== TASK STATEMENT ==
Because the images are not wanted, restate every line below word for word without them.

START WORKING DATA

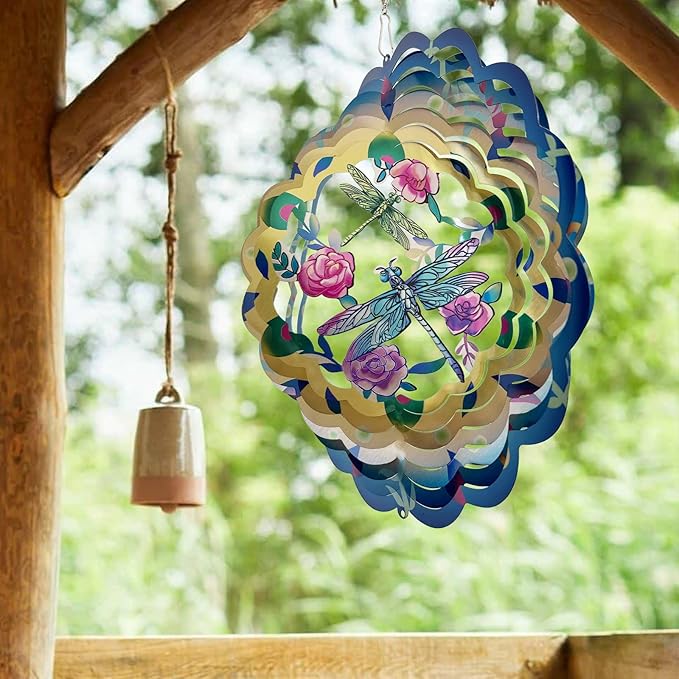 Dragonfly Wind Spinners Metal Dragonfly Gifts for Women Mom Grandma,12inch Hanging Wind Spinner for Outdoor&Indoor Decor Wind Kinetic Ornament for Yard Garden Decoration
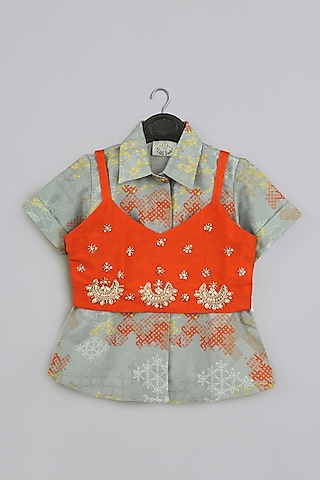 Grey Cotton Silk Geometrical Printed Pant Set For Girls by LITTLE BRATS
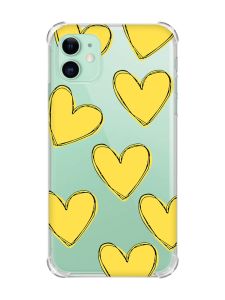 Чохол з потовщеними кутами на Apple iPhone 11 (6.1) :: Сердечка жовті (принт 259)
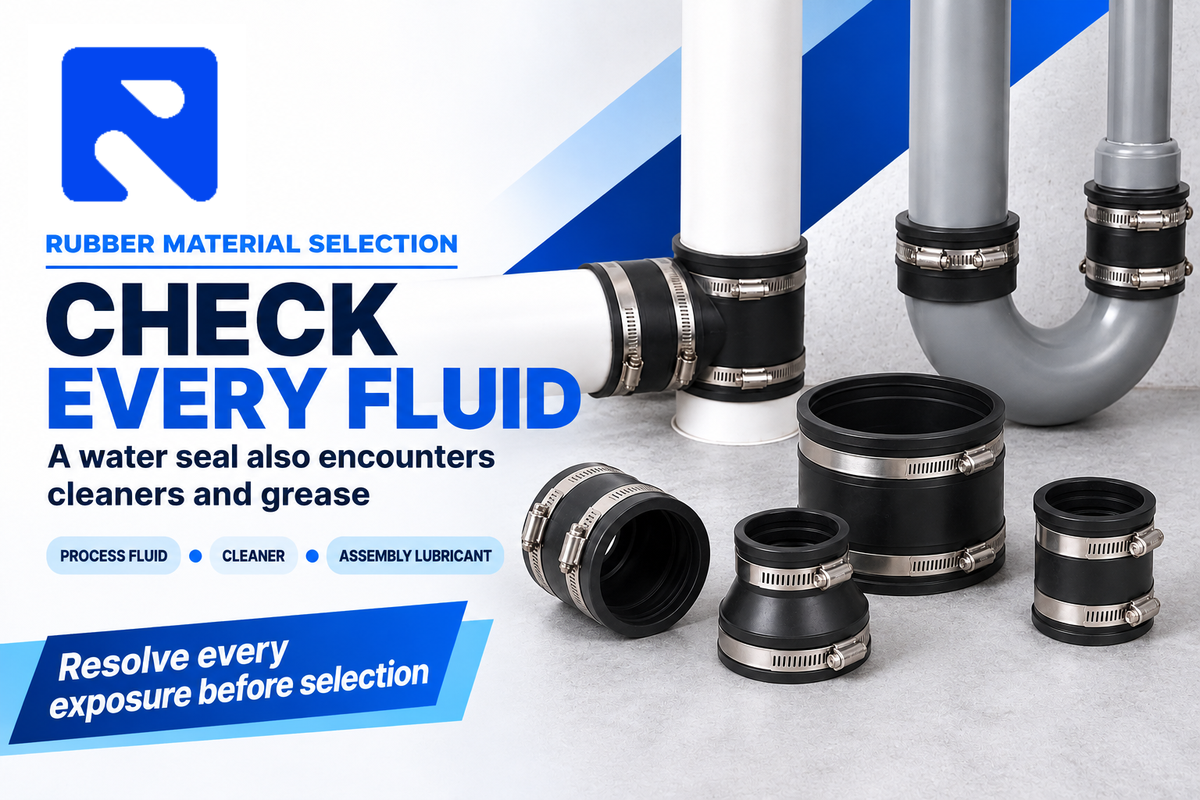 Chemical compatibility must cover process fluid, cleaning and installation lubricant before a compound advances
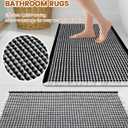 Smiry Waffle Bath Mat 72x24, Extra Soft Absorbent Bathroom Rugs, Non Slip Machine Washable Quick Dry Bath Rugs for Bathroom Floor, Tub, Shower, Home Decor Accessories, Black & Cream
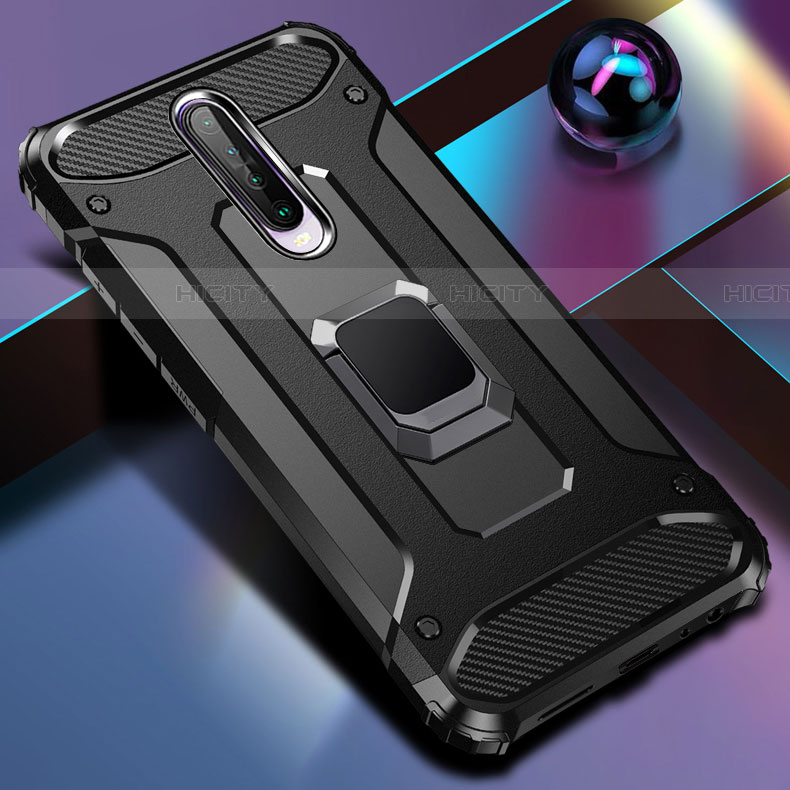Silikon Hülle Handyhülle und Kunststoff Schutzhülle Tasche mit Magnetisch Fingerring Ständer für Xiaomi Redmi K30i 5G groß
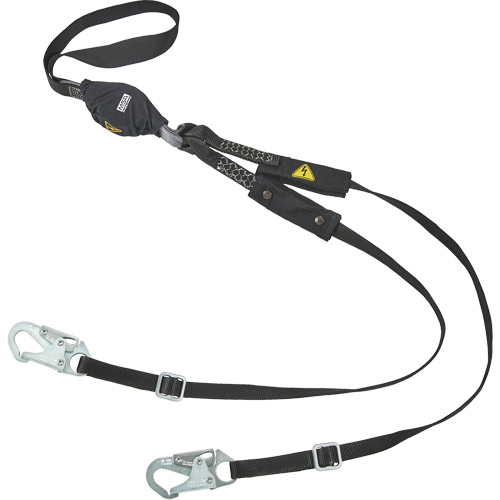 V-Series™ Utility Energy Absorbing Lanyard, 6', Snap Hook Center, Snap Hook Leg Ends, Nylon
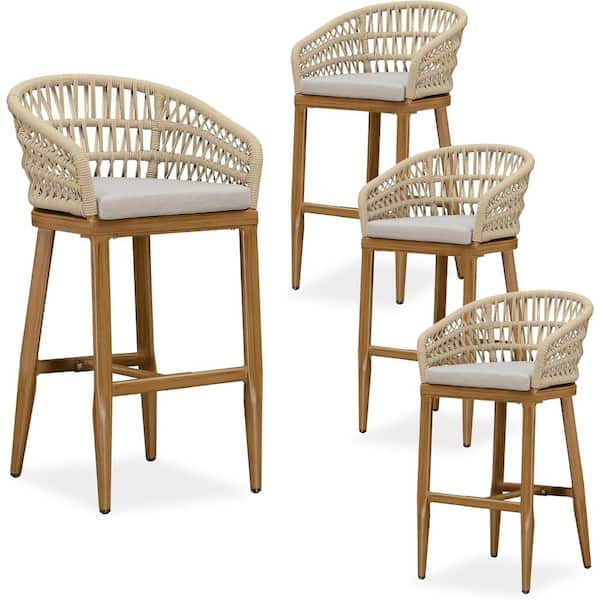 Modern Aluminum Rattan Bar Height Outdoor Bar Stool with Back and Beige Cushion (4-Pack)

END WORKING DATA

== ANSWER ==
 Dragonfly Wind Spinners Metal Dragonfly Gifts for Women Mom Grandma,12inch Hanging Wind Spinner for Outdoor&Indoor Decor Wind Kinetic Ornament for Yard Garden Decoration
 Grey Cotton Silk Geometrical Printed Pant Set For Girls by LITTLE BRATS
 Чохол з потовщеними кутами на Apple iPhone 11 (6.1) :: Сердечка жовті (принт 259)
 Chemical compatibility must cover process fluid, cleaning and installation lubricant before a compound advances
 Smiry Waffle Bath Mat 72x24, Extra Soft Absorbent Bathroom Rugs, Non Slip Machine Washable Quick Dry Bath Rugs for Bathroom Floor, Tub, Shower, Home Decor Accessories, Black & Cream
Silikon Hülle Handyhülle und Kunststoff Schutzhülle Tasche mit Magnetisch Fingerring Ständer für Xiaomi Redmi K30i 5G groß
 V-Series™ Utility Energy Absorbing Lanyard, 6', Snap Hook Center, Snap Hook Leg Ends, Nylon
 Modern Aluminum Rattan Bar Height Outdoor Bar Stool with Back and Beige Cushion (4-Pack)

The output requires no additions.